Required action: The records below are to be repeated exactly, and their pictures left out.

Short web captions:
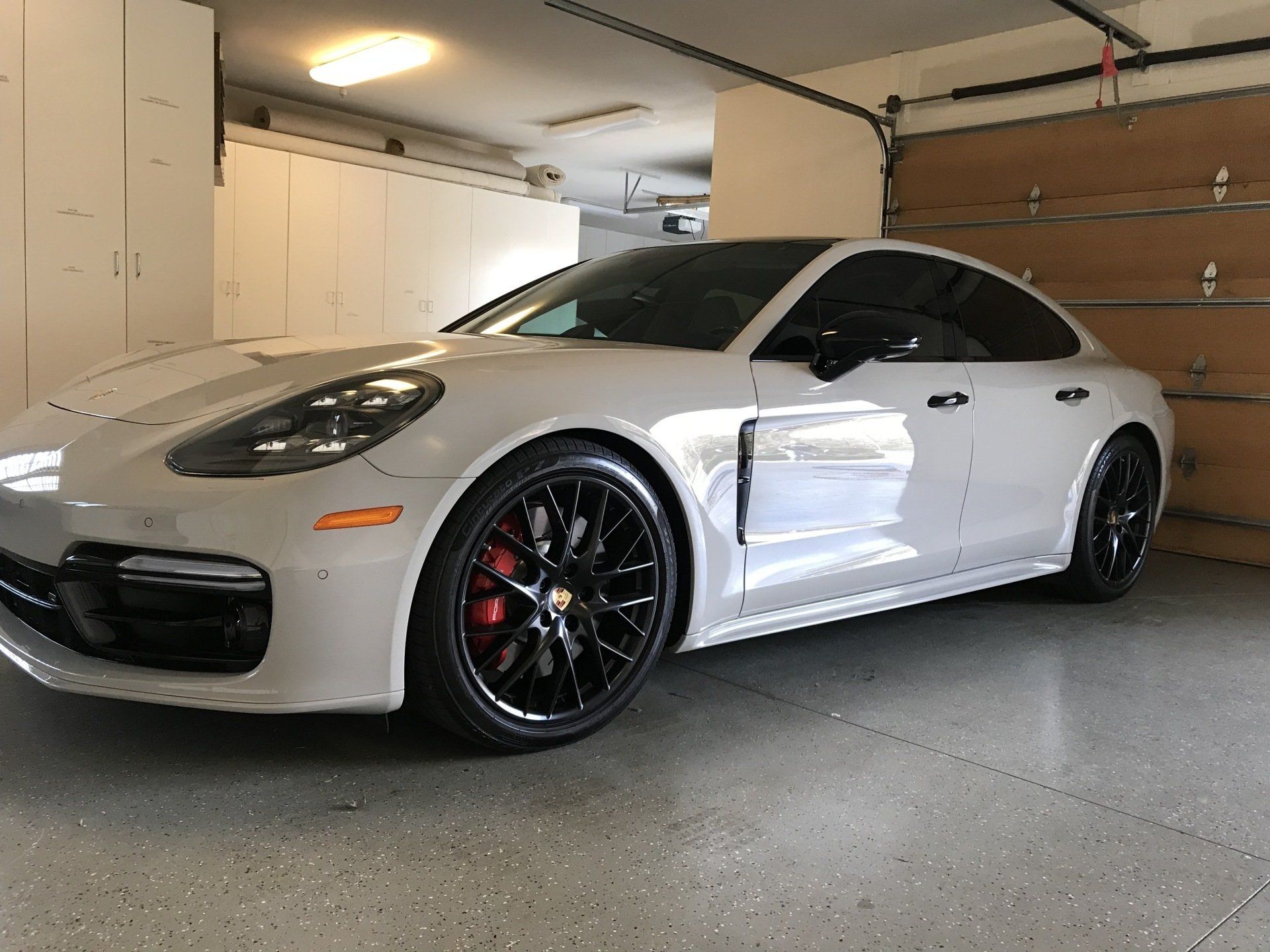 a white porsche panamera parked in a garage .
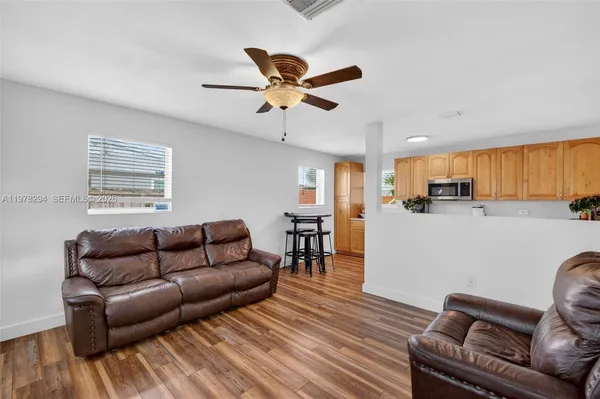 a living room with furniture and a window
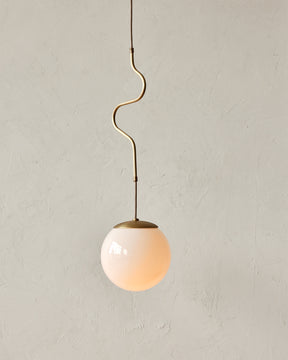 Modern brass globe pendant light with warm satin brass curved body and white milk glass globe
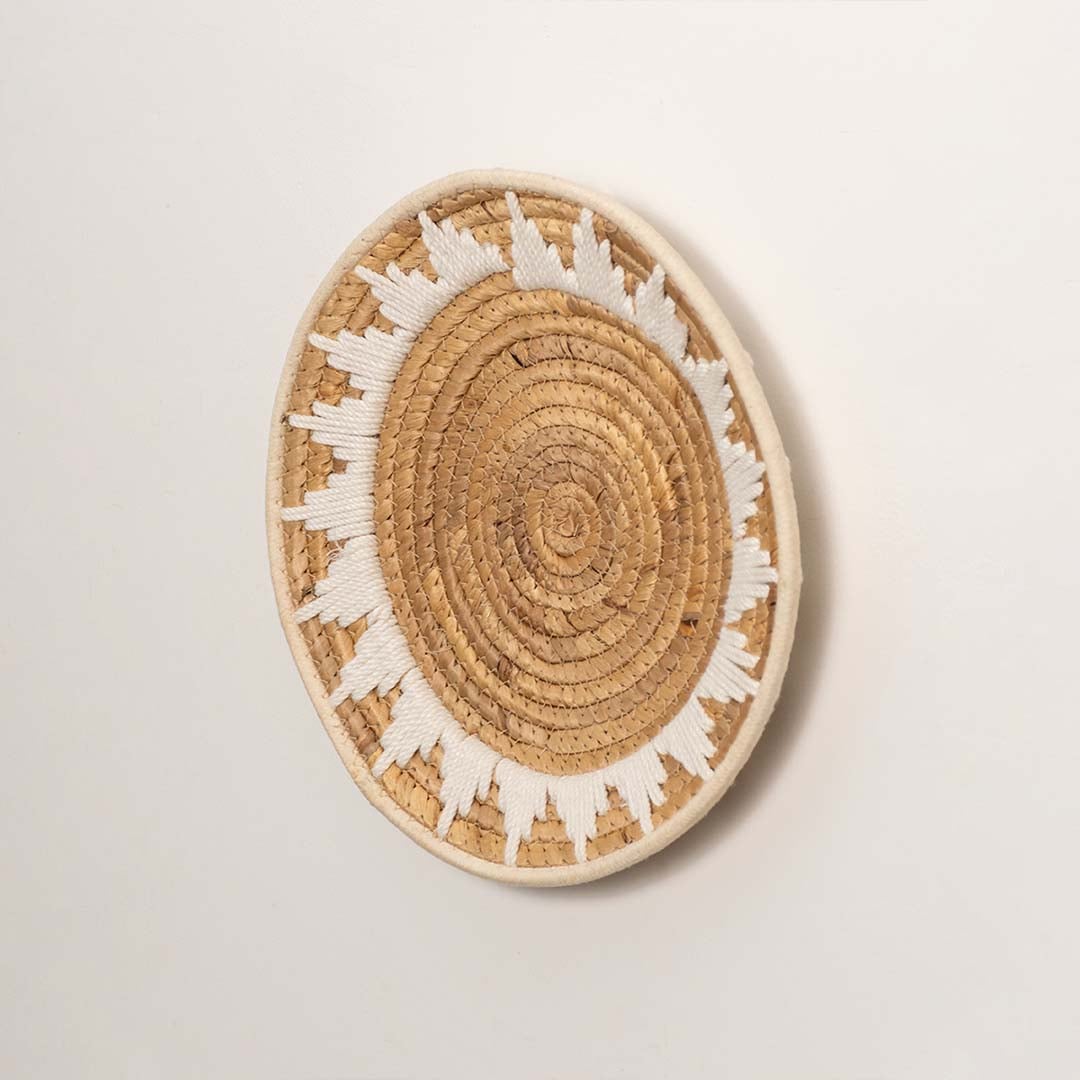 Side profile of the flat woven wall basket showing the thick natural fiber coils and white wrapping details on a white surface.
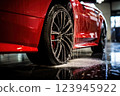 Red sports car being washed with visible droplets 123945922
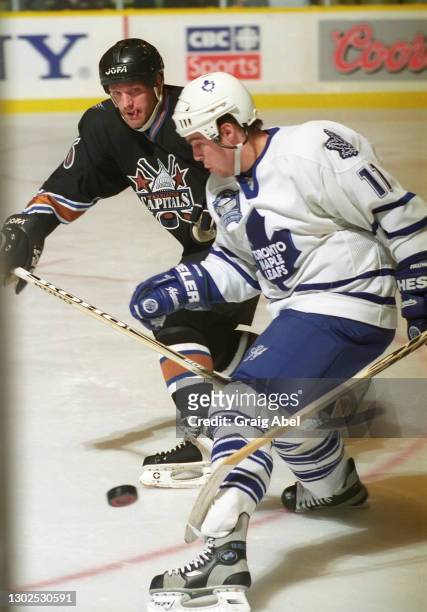 Steve Sullivan of the Toronto Maple Leafs skates against Calle Johansson of the Washington Capitals during NHL game action on January 30, 1999 at...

Worked solution:
 a white porsche panamera parked in a garage .
 a living room with furniture and a window
 Modern brass globe pendant light with warm satin brass curved body and white milk glass globe
 Side profile of the flat woven wall basket showing the thick natural fiber coils and white wrapping details on a white surface.
 Red sports car being washed with visible droplets 123945922
 Steve Sullivan of the Toronto Maple Leafs skates against Calle Johansson of the Washington Capitals during NHL game action on January 30, 1999 at...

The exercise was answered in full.